Distinct cytokine-driven responses of activated blood gammadelta T cells: insights into unconventional T cell pleiotropy

Abstract

Human Vgamma9/Vdelta2 T cells comprise a small population of peripheral blood T cells that in many infectious diseases respond to the microbial metabolite, (E)-4-hydroxy-3-methyl-but-2-enyl pyrophosphate (HMB-PP), expanding to up to 50% of CD3(+) cells. This "transitional response," occurring temporally between the rapid innate and slower adaptive response, is widely viewed as proinflammatory and/or cytolytic.
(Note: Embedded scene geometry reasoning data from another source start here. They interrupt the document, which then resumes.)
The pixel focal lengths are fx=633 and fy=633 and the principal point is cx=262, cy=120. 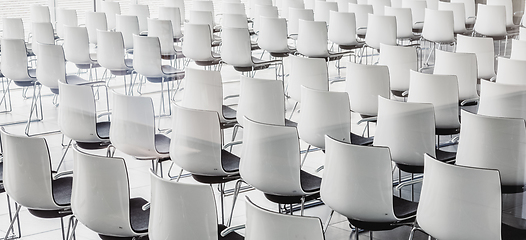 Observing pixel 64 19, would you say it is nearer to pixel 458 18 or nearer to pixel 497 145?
pixel 458 18

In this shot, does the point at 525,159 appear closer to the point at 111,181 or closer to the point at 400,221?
the point at 400,221

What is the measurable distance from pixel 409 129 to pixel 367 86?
1272 millimetres

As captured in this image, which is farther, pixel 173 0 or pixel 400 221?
pixel 173 0

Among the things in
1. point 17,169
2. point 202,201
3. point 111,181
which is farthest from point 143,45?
point 202,201

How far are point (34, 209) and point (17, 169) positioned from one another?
26cm

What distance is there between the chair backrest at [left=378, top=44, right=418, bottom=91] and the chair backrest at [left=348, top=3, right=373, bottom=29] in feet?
9.53

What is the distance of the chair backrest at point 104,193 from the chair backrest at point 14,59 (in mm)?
3510

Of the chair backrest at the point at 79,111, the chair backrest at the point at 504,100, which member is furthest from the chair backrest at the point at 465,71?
the chair backrest at the point at 79,111

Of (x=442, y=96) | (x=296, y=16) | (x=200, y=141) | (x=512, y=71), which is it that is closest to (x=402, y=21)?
(x=296, y=16)

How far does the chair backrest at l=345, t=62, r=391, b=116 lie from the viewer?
508cm

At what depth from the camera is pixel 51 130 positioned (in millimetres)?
6652

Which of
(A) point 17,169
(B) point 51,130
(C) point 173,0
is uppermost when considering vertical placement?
(C) point 173,0

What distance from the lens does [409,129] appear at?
3930 millimetres

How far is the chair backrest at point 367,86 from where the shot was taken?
508cm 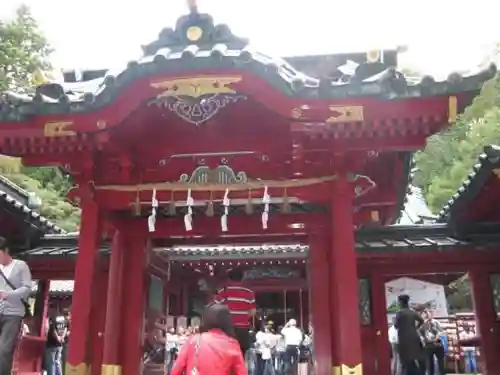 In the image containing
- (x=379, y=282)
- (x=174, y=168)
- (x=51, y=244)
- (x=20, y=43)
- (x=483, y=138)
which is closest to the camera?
(x=174, y=168)

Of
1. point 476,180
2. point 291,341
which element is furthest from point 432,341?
point 291,341

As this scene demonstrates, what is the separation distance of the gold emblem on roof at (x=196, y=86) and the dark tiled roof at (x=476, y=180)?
3.45 metres

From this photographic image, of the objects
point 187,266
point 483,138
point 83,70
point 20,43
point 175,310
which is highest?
point 20,43

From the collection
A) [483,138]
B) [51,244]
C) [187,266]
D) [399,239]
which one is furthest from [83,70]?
[483,138]

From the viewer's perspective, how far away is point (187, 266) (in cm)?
1507

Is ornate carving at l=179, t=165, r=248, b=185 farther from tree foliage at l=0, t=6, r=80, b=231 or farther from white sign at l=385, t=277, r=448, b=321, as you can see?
tree foliage at l=0, t=6, r=80, b=231

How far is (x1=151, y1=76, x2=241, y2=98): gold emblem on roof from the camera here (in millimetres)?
5766

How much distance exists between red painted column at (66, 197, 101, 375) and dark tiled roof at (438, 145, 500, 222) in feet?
16.4

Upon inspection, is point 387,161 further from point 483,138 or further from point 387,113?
point 483,138

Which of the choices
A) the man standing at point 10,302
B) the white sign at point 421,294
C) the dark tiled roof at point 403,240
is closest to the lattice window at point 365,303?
the dark tiled roof at point 403,240

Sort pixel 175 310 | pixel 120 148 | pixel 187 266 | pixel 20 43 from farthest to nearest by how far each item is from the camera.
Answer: pixel 20 43 < pixel 175 310 < pixel 187 266 < pixel 120 148

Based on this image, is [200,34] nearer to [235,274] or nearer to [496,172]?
[496,172]

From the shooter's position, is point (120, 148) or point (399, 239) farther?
point (399, 239)

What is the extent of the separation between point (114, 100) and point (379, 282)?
20.9ft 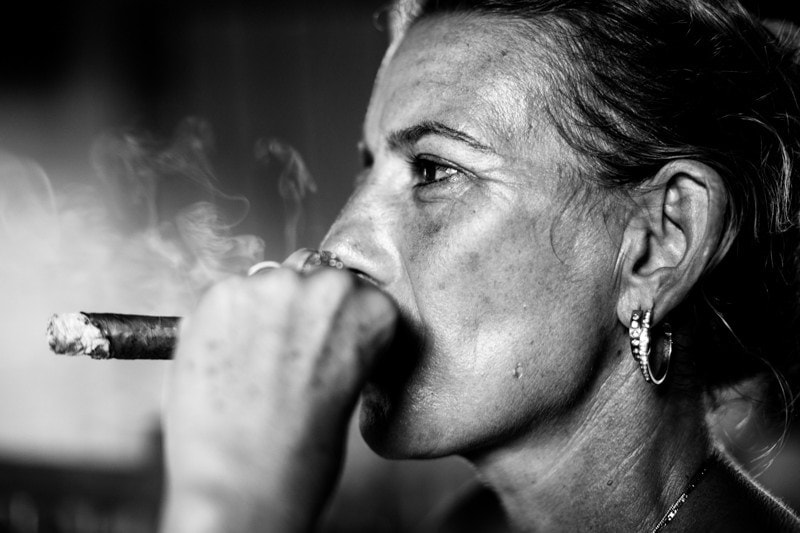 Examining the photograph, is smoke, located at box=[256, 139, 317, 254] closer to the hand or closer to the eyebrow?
the eyebrow

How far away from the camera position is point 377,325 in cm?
140

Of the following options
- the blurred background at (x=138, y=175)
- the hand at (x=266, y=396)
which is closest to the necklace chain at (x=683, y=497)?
the hand at (x=266, y=396)

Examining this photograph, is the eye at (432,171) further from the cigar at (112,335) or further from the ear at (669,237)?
the cigar at (112,335)

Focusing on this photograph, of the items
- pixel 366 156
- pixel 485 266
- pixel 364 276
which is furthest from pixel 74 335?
pixel 366 156

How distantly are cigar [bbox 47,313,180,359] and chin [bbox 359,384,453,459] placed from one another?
462 mm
However, increasing evidence that different cytokines drive widely different effector functions in alphabeta T cells provoked us to apply cDNA microarrays to explore the potential pleiotropy of HMB-PP-activated Vgamma9/Vdelta2 T cells. The data and accompanying validations show that the related cytokines, IL-2, IL-4, or IL-21, each drive proliferation and comparable CD69 up-regulation but induce distinct effector responses that differ from prototypic alphabeta T cell responses. For example, the Th1-like response to IL-2 also includes expression of IL-5 and IL-13 that conversely are not induced by IL-4. The data identify specific molecules that may mediate gammadelta T cell effects. Thus, IL-21 induces a lymphoid-homing phenotype and high, unexpected expression of the follicular B cell-attracting chemokine CXCL13/BCA-1, suggesting a novel follicular B-helper-like T cell that may play a hitherto underappreciated role in humoral immunity early in infection. Such broad plasticity emphasizes the capacity of gammadelta T cells to influence the nature of the immune response to different challenges and has implications for the ongoing clinical application of cytokines together with Vgamma9/Vdelta2 TCR agonists.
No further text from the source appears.